I’m less likely to stop watching a movie, though, both because I have a different set of standards–I’ll watch just about anything–and because something about the more passive nature of sitting and watching a movie makes me somehow less bothered to be watching a sub-par one. I also multitask when I’m watching things on a screen, so sometimes the screen action is really just background noise.
I’ve discovered that the two things most likely to make me stop watching a movie are domestic abuse and rape. [Spoilers after the jump.]
My most recent partially unwatched movie: Blindness. (I say partially because my impulse was just to turn it off completely during the group rape scene, but Sig Fig wanted to see how things ended, so we compromised and just skipped to the next scene.) I just didn’t think the rape furthered the plot or had any artistic merit or anything else that sometimes makes me feel able to watch graphic violence or other disturbing content. (The movie, which looked so intriguing to me in previews, turned out to be pretty horrible. “When bad things happen, people do bad things” is a pretty good summary.)
This has really gotten me thinking.
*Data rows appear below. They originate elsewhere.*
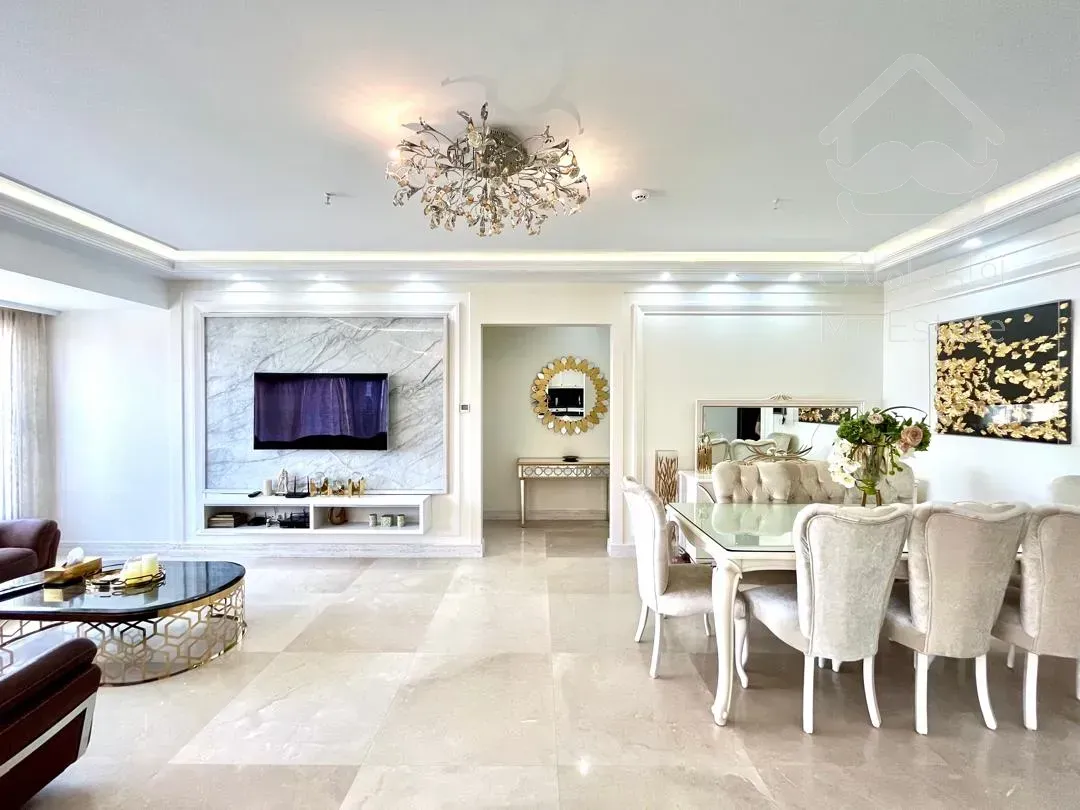 فروش اپارتمان 128 متری ولنجک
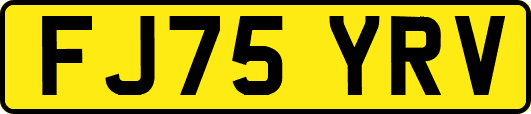 FJ75YRV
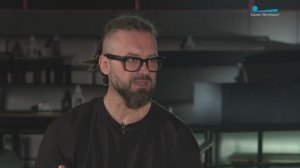 Утро со звездой. Солист группы Burito Игорь Бурнышев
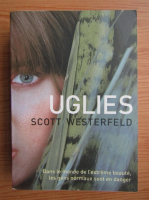 Scott Westerfeld - Uglies 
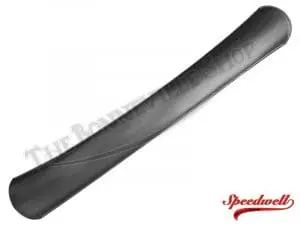 Universal Mudguard Mc1 R14 3/4 36-Inch Beaded Mild Steel Fender Pn# Tbs-Spe0015 7 Tbs Spe0015 06 Universal Mc1 R14 3 4 36 Beaded Mild Steel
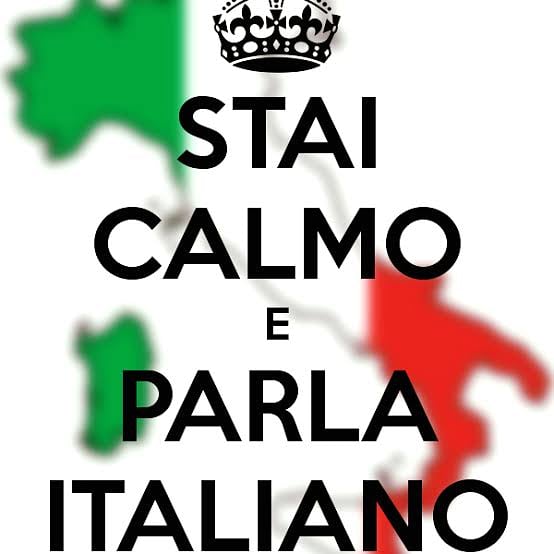 scisapidiomas's tweet photo. #ioparloitaliano https://t.co/r52xBY9aEe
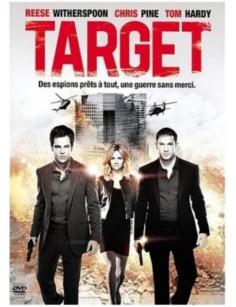 DVD TARGET
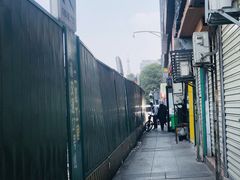 -大石人家鱿鱼面馆(大石西路总店)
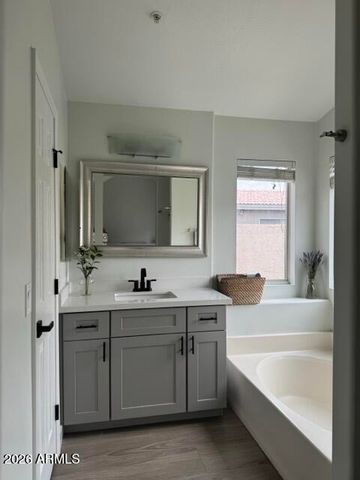 3089 N 86TH Place, Scottsdale, AZ 85251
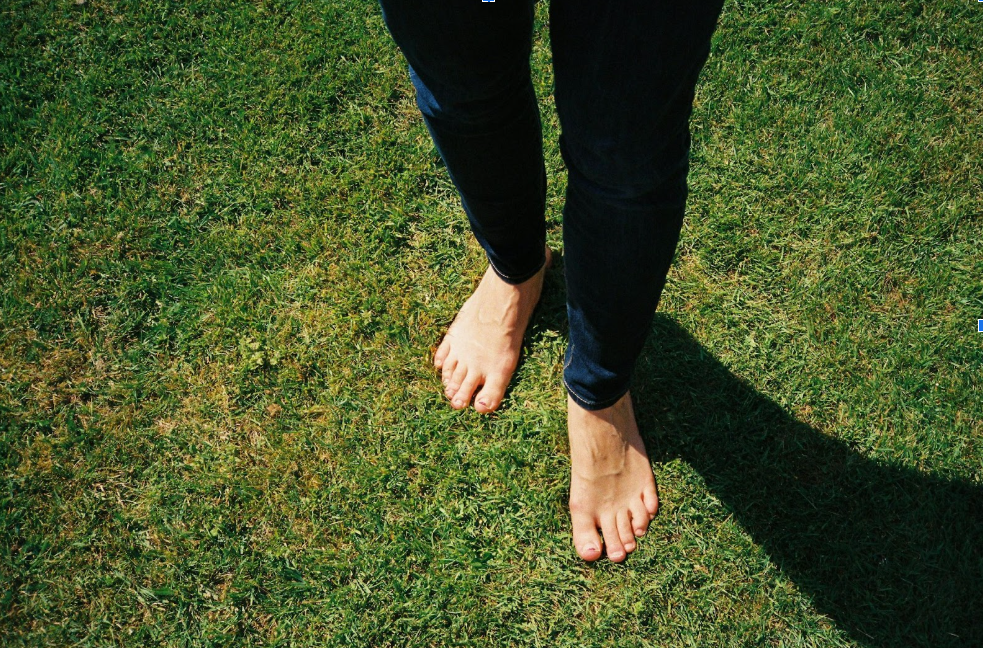Quick and Easy Grounding Exercises for Busy Schedules 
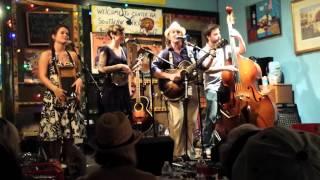 Lindy Hop by Side Street Steppers-Memphis Music and Heritage Festival 08-31-2014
I’m guessing for any of us out there with triggers, we avoid watching or reading about depictions of things that will trigger us. But even if you’re not triggered by rape scenes, what’s the value in watching them? Should we subject ourselves to them? I particularly wonder about the merits in a Hollywood movie (as opposed to a documentary), where the inclusion of a rape scene probably wasn’t a choice designed to make the audience more aware, but rather an effort to fascinate (or, disgustingly, titillate).
What do we stand to gain from graphic depictions of rape in film? What do we stand to lose?